I’m no longer devout, but I grew up loving the rituals of the Catholic church: incense, holy water, rosary beads, ash. This was magic. Alchemy. A prayer turned ordinary water into a holy substance that could purify your soul, protect objects sprinkled with it, and initiate the heathen (my friends and I discovered this after a furious nun informed us that our baptismal play acting at the playground water fountain – “I baptize you in the name of the Father, the Son, and the Holy Spirit” – was, in fact, valid and that our Buddhist pal was now considered forever a member of the mother church). Every Mass, the priest stood at the altar and changed bread and wine into the body and blood of Christ. Transubstantiation! Although, they still just tasted like cheap rosé and Styrofoam wafers. I realize my parents and teachers wanted me to know that the catalyst in these miracles was faith in the power of Jesus, but that was an unwieldy concept to grasp in my sticky little hands. I’ve been reading fairy tales since I was four years old. I understand magic.
More mysterious to me was the idea of grace. I wanted it, but I had no idea how to get it. Every day, we chanted, “Hail Mary, full of grace, the Lord is with thee.” Did grace have to do with being knocked up with baby Jesus? I was not full of baby Jesus. I still had a hard time accepting that He was in my communion wafer. We also said grace before every meal. “Bless us o Lord, and these Thy gifts, which we are about to receive from Thy bounty, through Christ our Lord, amen.” I was never sure why we thanked God for the food instead of my harried mother who had shopped for and prepared it, though if it was really good, we would throw in a “God bless the cook” at the end, like an afterthought.
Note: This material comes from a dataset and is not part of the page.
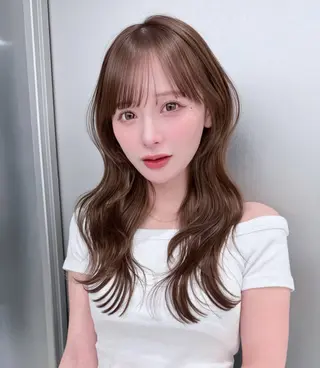 ロング ゆうり/ 透明感カラーのヘアスタイル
Then, there was physical grace, the kind Grace Kelly had in Rear Window. She had an effortless beauty that emanated from her perfectly waved blonde hair right down to her Mark Cross handbag, and she moved as though she were gliding through water. I was hilariously, painfully, decidedly not Grace Kelly. I remember signing up for a Liturgical Dance class in grade school, which felt like the least awful of all the required religion classes. It sure beat the hell out of scratching out endless handwritten copies of the Act of Contrition or the Nicene Creed. Liturgical Dance, in case you are wondering, is a lot of twirling and wavy, seaweed-like arm movements set to hymns. The sister instructing us watched me spin out across the polished wooden stage in my socked feet, flail wildly as I failed to regain my balance, and then topple to the floor. She took it as a deliberate affront. “Some people have no grace,” she hissed, her voice echoing in the cavernous auditorium. Her tone was hostile and disapproving, unlike my father’s when he watched me trip over the sidewalk. He exclaimed with exasperated affection, “Oh, dear. Princess Grace.” The sentiment was the same, though.
grace: noun \ˈgrās\
1) a: unmerited divine assistance given humans for their regeneration or sanctification
b: a virtue coming from God
c: a state of sanctification enjoyed through divine grace
2) a: approval, favor <stayed in his good graces>
b archaic: mercy, pardon
c: a special favor :privilege <each in his place, by right, not grace, shall rule his heritage — Rudyard Kipling>
d: disposition to or an act or instance of kindness, courtesy, or clemency
e: a temporary exemption :reprieve
3) a : a charming or attractive trait or characteristic
b : a pleasing appearance or effect : charm <all the grace of youth — John Buchan>
c : ease and suppleness of movement or bearing
How, then, to acquire it?
Prayer and sacrifice did not work, I figured because I didn’t do them properly. Relationships did not work. Hypnotism, past life regression, meditation, and dieting did not work. Parenthood did not work. I was not full. I was not buoyant. I was not transformed. I was waiting for the magic gift to be given, forever watching the horizon for a sign of its appearance.
It never materialized. I remained confused and wistful. Slowly, inevitably, I cracked open like a boulder eroded by the steady, relentless flow of water, breaking under the weight of doubt, inadequacy, resentment, and yearning. As I picked through the rubble, I found this realization gleaming in the pebbly dust: grace could not come into me. I could not ingest it like sacramental wine. It was already there. It did not need to be summoned with magic words or earned through good deeds. All grace wanted was to be acknowledged. Who was I not to pursue happiness?
I wake up every day full of fear and hope and the willingness to fuck up. This is grace. I am learning to ask for help and to run, in my clumsy, bumble-footed way, full speed toward my passions. This is grace. I say no to what doesn’t serve me and yes to pretty much everything else. This is grace. I am uncurling my sweaty fingers, one by one, from around the shame I carry, which is as unmerited as a divine blessing. This is grace.